The present invention relates to hydrodynamic couplings, and more particulary to improvements in hydrodynamic fluid couplings of the type known as Fottinger couplings. Still more particularly, the invention relates to improvements in hydrodynamic couplings including couplings of the type wherein some fluid is continuously evacuated from the radially outermost region of and a pump or the like delivers fluid to the working chamber.
It is already known to provide a Fottinger coupling with an opening which is located close to and communicates with the radially innermost portion of the working chamber to permit evacuation of working fluid in response to increasing torque and resulting higher slip of the impeller relative to the turbine wheel or runner. In some instances, the fluid which is to leave the working chamber by way of such opening (the opening is provided in the nave or hub of the impeller or runner) is caused to flow along a suitably configurated deflector. Reference may be had to page 388 of "Motortechnische Zeitschrift" (Vol. 11, 1958) which discloses a coupling for use as a safety device in ice breakers, or to Swiss Pat. No. 337,371. When the RPM of the runner is suddenly reduced (e.g., as a result of the braking action of an obstacle which is encountered by the propeller screw of an ice breaker) and the slip of the impeller relative to the runner increases accordingly, the aforementioned opening allows for rapid evacuation of fluid from the working chamber. This results in immediate reduction of the load upon the drive. When the coupling is used under the just outlined circumstances (e.g., as a safety device between the prime mover and the propeller screw of an ice breaker), the opening invariably insures rapid evacuation of surplus fluid from the working chamber.
However, a coupling wherein the aforediscussed opening is in direct communication with the working chamber and is located close to the radially innermost portion of such chamber is not sufficiently versatile to warrant its use in other types of machines or apparatus, e.g., in a vehicle where the coupling transmits torque from the engine to a cooling fan. In such constructions, the coupling should insure that the RPM of the fan varies in dependency on the desired cooling action and also to limit the magnitude of transmitted torque. Rapid increase of slip of the impeller relative to the runner (which latter drives the fan) is not attributable to rapid deceleration of the runner but rather to rapid increase of RPM of the primer mover, i.e., to rapid increase of the RPM of the impeller, and to relatively large mass (inertia) of the rotary part or parts of the fan.

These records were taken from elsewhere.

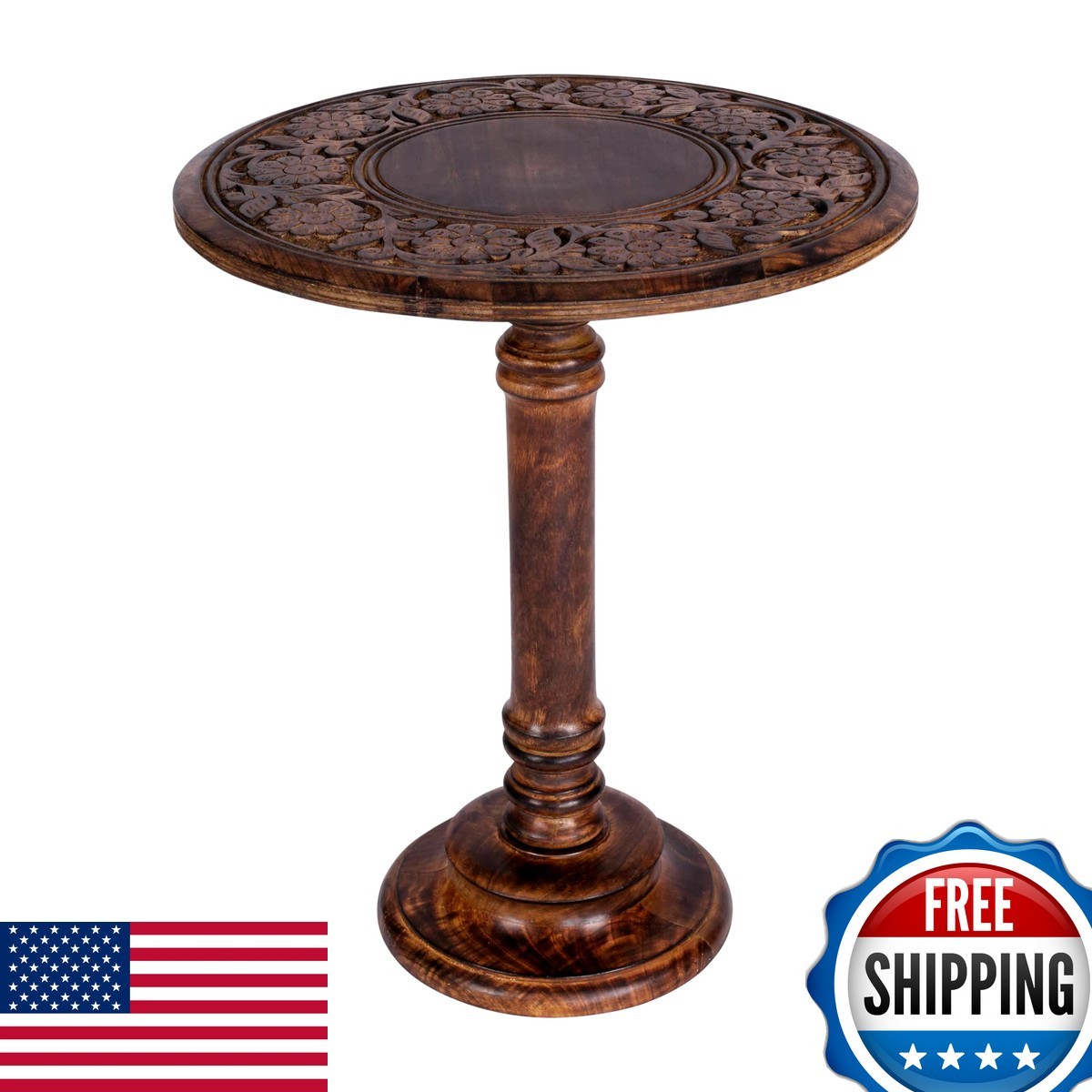 Woodify Side Table Hand-Carved Mango Wood Side Table, 18x22 5524 Woodify Side Table Hand-Carved Mango Wood Side Table, 18x22 5524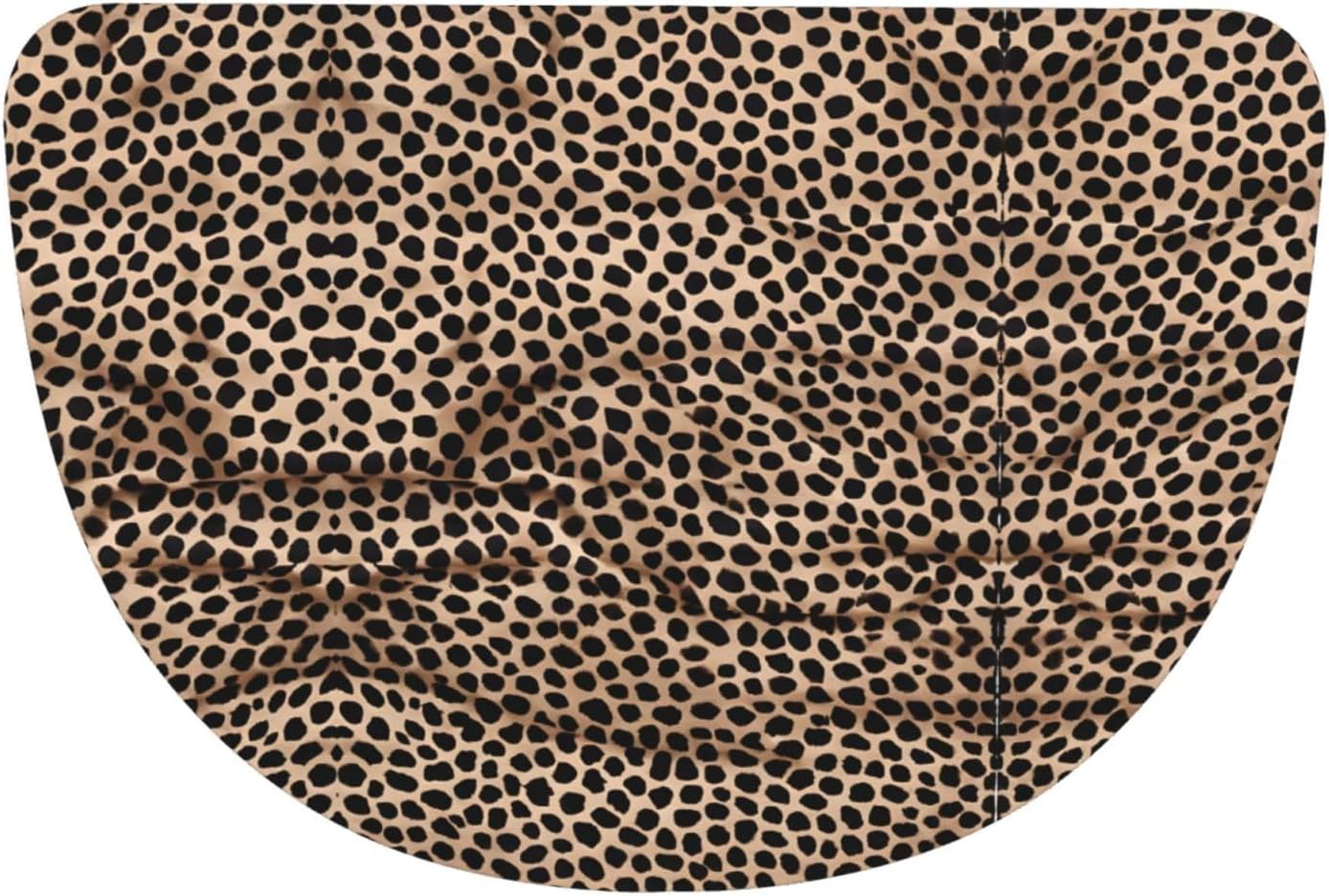 Leopard Pattern Print Flannel Semi-Circular Floor Mat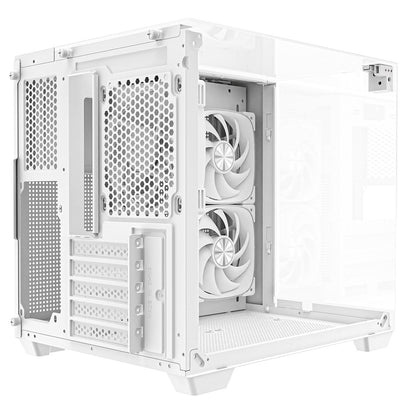 CiT Eclipse Mini White Micro-ATX Gaming Case With Three-Sided Tempered Glass and 3 x 120mm PWM ARGB Fans With 6-Port Hub Included - Destello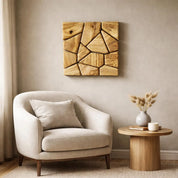 Handmade olive wood geometric square wall sculpture, natural wooden wall art with intricate geometric design by Artdesigna.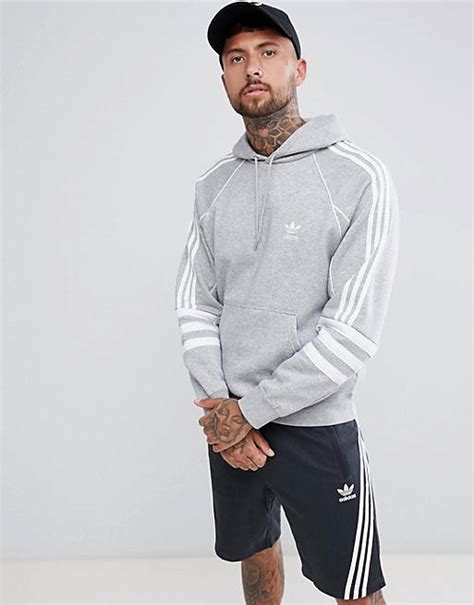 sudadera con capucha en gris dh3852 authentic de adidas originals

The situation is aggravated if the vehicle wherein the coupling transmits torque to a cooling fan is equipped with an automatic transmission which is designed to change speeds while under load. In such vehicles, the RPM of the engine increases very rapidly in response to shifting to another speed, i.e., the rotational speed of the impeller can rise abruptly when the driver decides to shift to a different speed ratio. The problem is especially acute when the driver shifts into a lower gear because this can result in such pronounced rise of RPM of the impeller that, when using a conventional hydrodynamic coupling, the transmitted torque temporarily rises to a value which is 4-8 times the rated value. This can result in partial or complete destruction of the coupling and is rather surprising since one of the most important characteristics of a hydrodynamic coupling is that it is capable of eliminating peaks of transmitted torque and thus constitutes a safety device against overloading of driven components.
Certain other proposals to limit the magnitude of transmitted torque include the provision of a so-called deflector which is installed in the radially innermost region of the working chamber and does not obstruct the circulation of working fluid when the slip is relatively small. When the slip increases, the deflector influences the circulation of working fluid and thereby limits the magnitude of the transmitted torque. Reference may be had to U.S. Pat. No. 2,301,645 granted Nov. 10, 1942 to Sinclair. It was further proposed to provide a so-called accumulator chamber radially inwardly of the blading of the impeller so that the accumulator chamber is in direct communication with the spaces between the blades of the runner. When the slip increases, the accumulator chamber receives some of the working fluid which is thus withdrawn from the working chamber to thereby limit the magnitude of the transmitted torque. Such feature is disclosed in U.S. Pat. No. 2,875,581 granted Mar. 3. 1959 to Kugel.